If you’re interested in the economics of social change, you might find the history of Heartwood and its predecessor, Bay Woodshop, to be interesting, which I included in my book, For All The People.


Worker cooperatives have a long history in America as a countercultural opposite of capitalism, and also as a strategy of liberation and social revolution. Way back in the early 1800s, near the beginnings of the so-called industrial revolution that has brought us to this climate crisis, many workers and their labor unions formed worker co-ops in many industries, as an alternative to being forced down into what they considered wage slavery. In the aftermath of the Civil War, the largest labor union, the Knights of Labor, attempted to build a national network of worker cooperatives that they hoped and planned would form the core of a new economic system based on equity and social justice, that they called the Cooperative Commonwealth. Their plans were dashed in 1886 when the national movement for the eight-hour work day resulted in the Chicago Haymarket “riot,” and the powers that be took the opportunity to clamp down hard on all opposition.

Knights of Labor


That epic working class saga is at the core of my book, For All The People, and its predecessor, History of Work Cooperation in America.

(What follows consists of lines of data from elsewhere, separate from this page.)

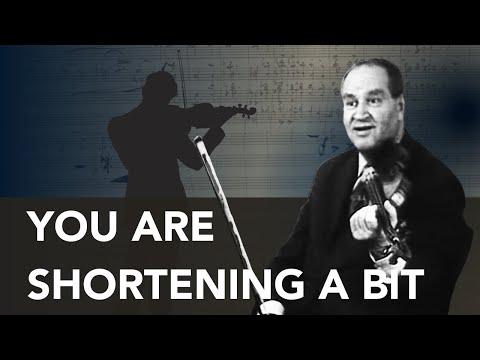 DAVID OISTRAKH's tips on articulation, phrasing and interpretation.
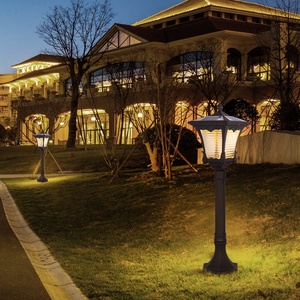 Moderno IP65 impermeable LED paisaje jardín césped luz 60CM Solar exterior iluminación ahorro de energía al por mayor - Product Image 2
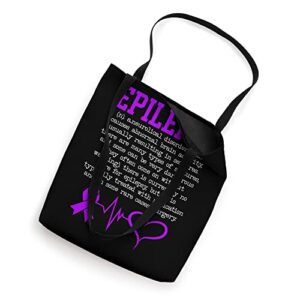 Fight Epilepsy Epileptic Epilepsy Awareness Month Tote Bag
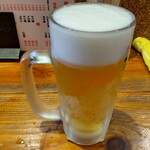 もつ焼き 大統領 - 生ビール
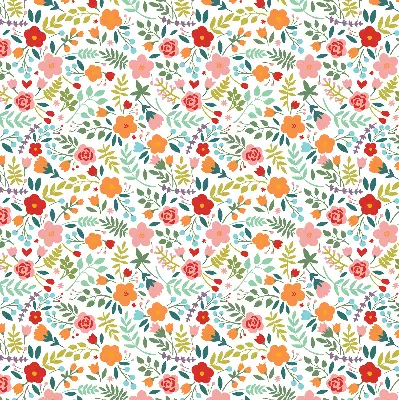 Verdunkelungsrollo Gemalte Blumen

The title “Worker Co-ops vs Wage Slavery,” encapsulates both the history and my own personal struggle. When I was young I worked at a variety of jobs, both office and manual work, so I knew what it was like, and swore to myself that I would not spend my whole working life as an “employee,” taking orders from a boss or supervisor.


But I didn’t see any alternative in the people around me. All the men in my family were employees. Their days were defined by the labor laws. None of them liked it much, and every one of them would have escaped in a heartbeat, if they thought they could. But you had to make a living. Payday was the whole point. Putting food on the table and paying the rent. Losing your job could mean disaster. You were stuck in your best option. That’s what they used to call wage slavery.

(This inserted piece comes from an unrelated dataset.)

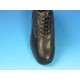Men's laced shoe in black leather - Available sizes:  36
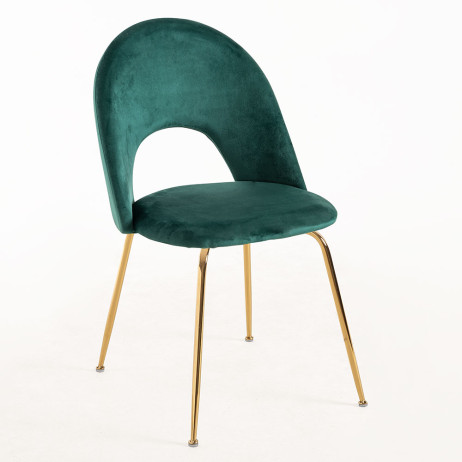 Chaise Dawa Gold Velours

My grandpa was one of those oppressed immigrants who flocked to America seeking “freedom.” But what did it mean to be “free”? The Civil War was between two economic systems, only one of which was “free.” Free meant that that nobody could force you to work. You had to agree to be somebody’s “employee.” Society had worked out certain rules and customs regarding the rights and responsibilities of “employees.” That is one of the cores of our system. If you don’t want to work for somebody else, you can always start up your own “business.” This is the “free enterprise” system, where it is equally illegal for an international corporation and a homeless person to sleep under a bridge.


Through a worker cooperative I personally found a useful, humane and sustainable way to make a living. So you might say that I have seen the Revolution, and it works. I also participated in the larger movement in the Bay Area, with the InterCollective in the 1980s, and with today’s Network of Bay Area Worker Co-ops and the US Federation of Worker Cooperatives.

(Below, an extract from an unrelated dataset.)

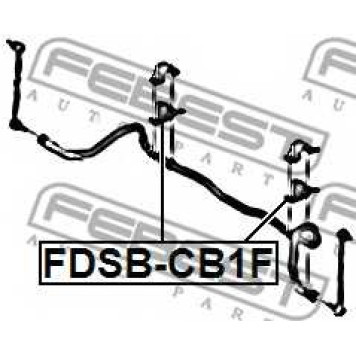 Опора стабилизатора FEBEST FDSB-CB1F-1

At the same time as I was trying to live my life at work without being destroyed by the system, I also spent a lot of time digging around dusty tomes in Berkeley libraries. I was researching cooperatives and the history of cooperatives, particularly worker cooperatives, and why they are not a basic structural sector of our economic system. I started by collecting materials and looking for historical patterns, which were certainly there. That is where I uncovered the history of worker co-ops in the early labor unions, which eventually became my book, For All The People: Uncovering the Hidden History of Cooperation, Cooperative Movements and Communalism in America.


Cooperatives are not utopian. Utopias are pre-packaged, but co-ops are pragmatic and flexible. The structure of any co-op is determined by the situation; co-ops work better in some situations and in some industries than in others. I thoroughly enjoyed working over four decades in a worker coop, but I also saw that some people are more naturally cooperative than others and some are more individualistic. We have both instincts, and need to balance them. It’s all a matter of consciousness. One shoe doesn’t fit all. Co-ops of course need leaders, like all human creations. Worker co-ops are also not a panacea for all that is wrong with the current system. Human nature being what it is, any human creation is subject to human folly. There are no panaceas, apart from the wisdom of the Indigenous elders. But economic systems don’t fall from the sky. People plan them. In the real world, the unregulated “free market” has never existed and does not exist.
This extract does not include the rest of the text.